ECLI:NL:RVS:2023:3522
Raad van State
- Voorlopige voorziening
- Rechtspraak.nl
Voorlopige voorziening in asielzaak van vreemdelingen tegen staatssecretaris van Justitie en Veiligheid
Op 18 september 2023 heeft de voorzieningenrechter van de Afdeling bestuursrechtspraak van de Raad van State uitspraak gedaan in een zaak waarin vreemdelingen, mede voor hun minderjarige kinderen, een verzoek om voorlopige voorziening hebben ingediend. Dit verzoek volgde op besluiten van de staatssecretaris van Justitie en Veiligheid van 20 juni 2023, waarin aanvragen voor een verblijfsvergunning asiel voor bepaalde tijd niet in behandeling zijn genomen. De vreemdelingen hebben tegen de uitspraak van de rechtbank Den Haag van 5 september 2023, waarin hun beroepen ongegrond werden verklaard, hoger beroep ingesteld.
De vreemdelingen verzochten de voorzieningenrechter om te bepalen dat zij niet zouden worden overgedragen voordat op het hoger beroep was beslist en dat zij opvang en verstrekkingen zouden ontvangen. De voorzieningenrechter heeft, gelet op de aangevoerde argumenten, besloten een voorlopige voorziening te treffen. Dit houdt in dat de vreemdelingen niet mogen worden overgedragen totdat er een beslissing is genomen op het hoger beroep. Daarnaast is de staatssecretaris van Justitie en Veiligheid veroordeeld tot vergoeding van de proceskosten die de vreemdelingen hebben gemaakt in verband met hun verzoek, tot een bedrag van € 837,00, dat geheel is toe te rekenen aan door een derde beroepsmatig verleende rechtsbijstand.

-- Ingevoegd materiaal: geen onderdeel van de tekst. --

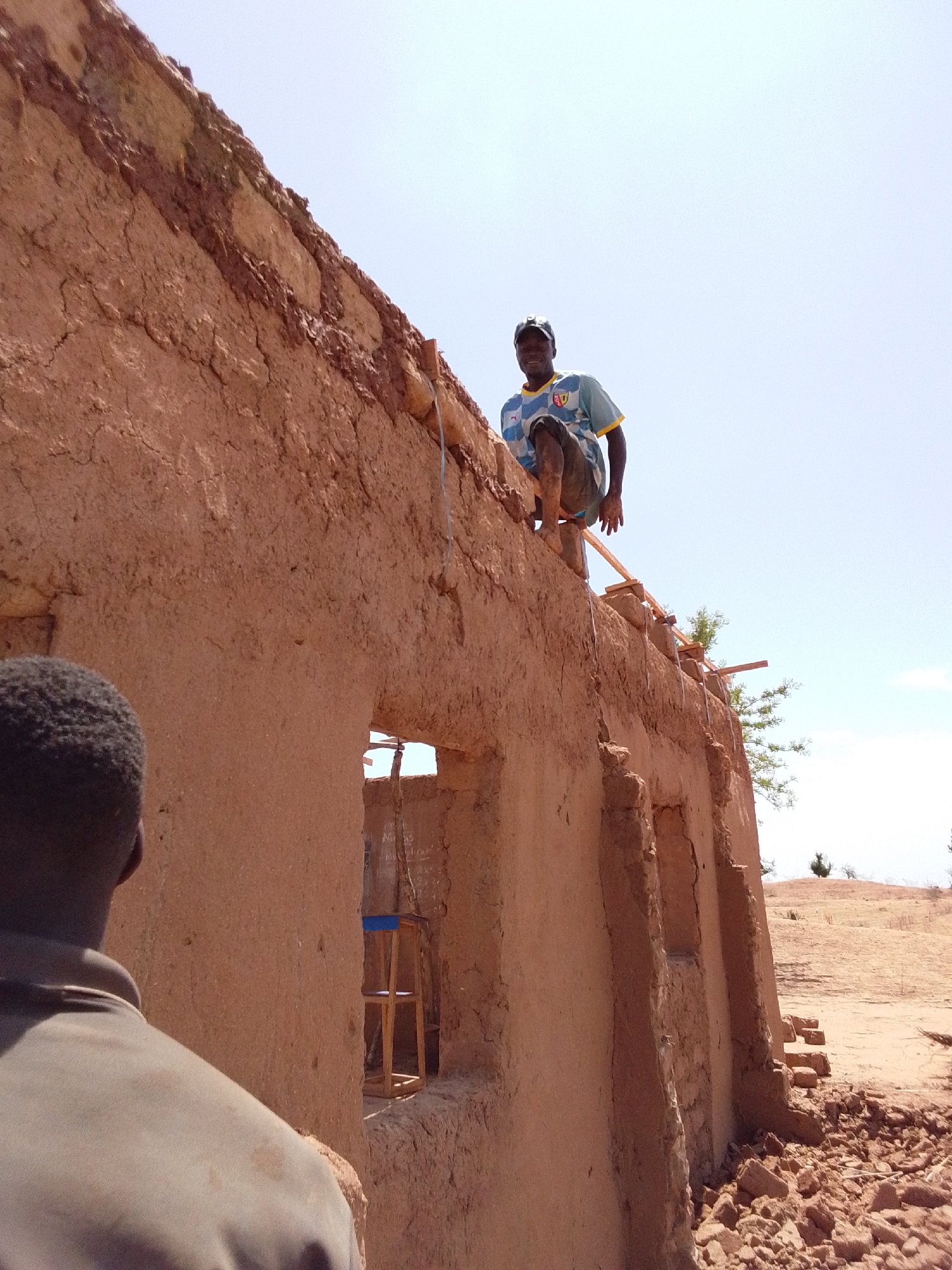 The image shows a man in a blue and yellow jersey standing on the partially constructed roof of a mud building in Mulke Barikin Sayejo, Nigeria. Another man, seen from the back, is standing at ground level near the building. The building, made of mud, has visible window openings, and a chair is seen inside one of the openings. Construction materials are visible on the roof and debris from the building lies on the ground. The landscape behind the building appears dry and hilly under a clear sky.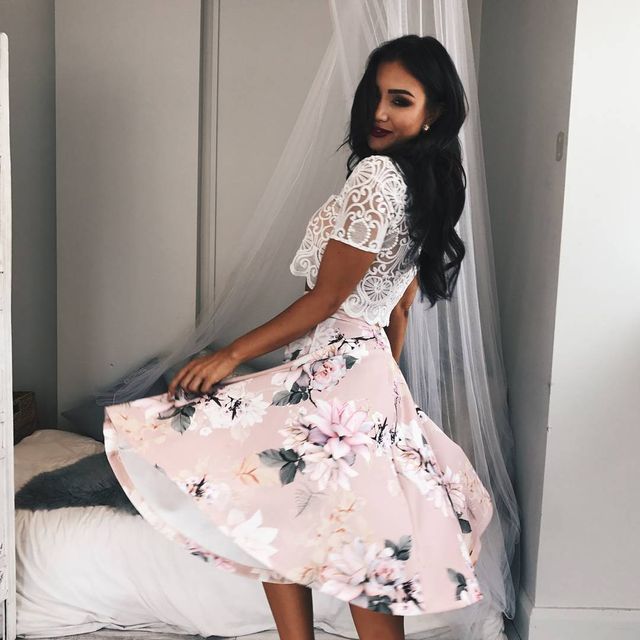 Woman wearing a white lace crop top and a pink floral midi skirt, twirling in a softly lit room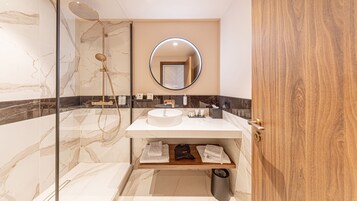 Un baño moderno con ducha envuelta en vidrio, espejo redondo y tocador de madera con lavamanos.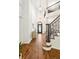 Stunning foyer with soaring ceilings, hardwood floors and elegant staircase with iron railings at 150 Park Creek Dr, Alpharetta, GA 30005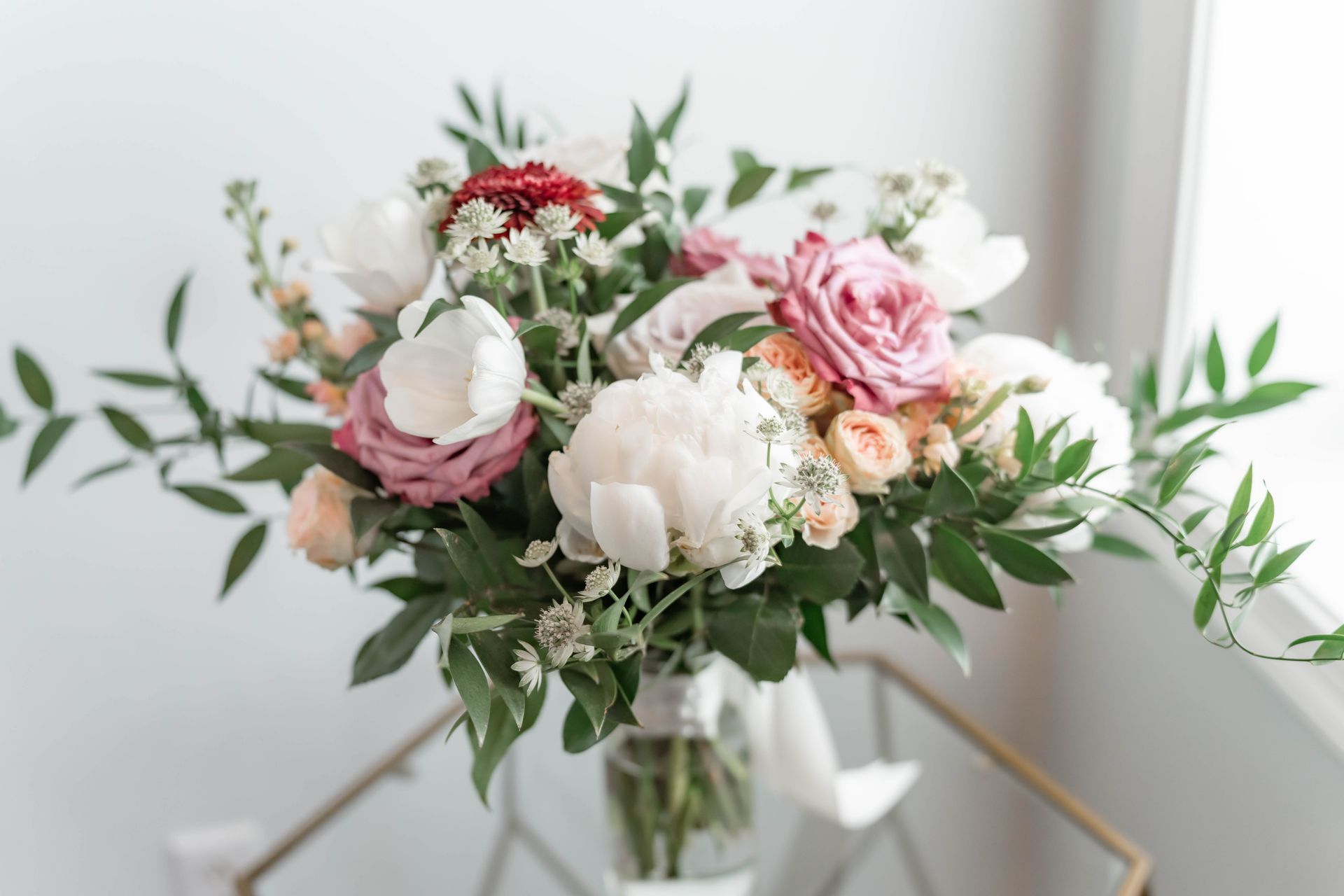 A bouquet of flowers is sitting on a table in front of a window.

De uitspraak is openbaar uitgesproken en ondertekend door mr. J.M. Willems, de voorzieningenrechter, en mr. T.W.A. Weber, de griffier. Deze uitspraak benadrukt het belang van rechtsbescherming voor vreemdelingen in asielprocedures en de zorgvuldigheid die in acht moet worden genomen bij het nemen van besluiten die hun verblijf in Nederland aangaan.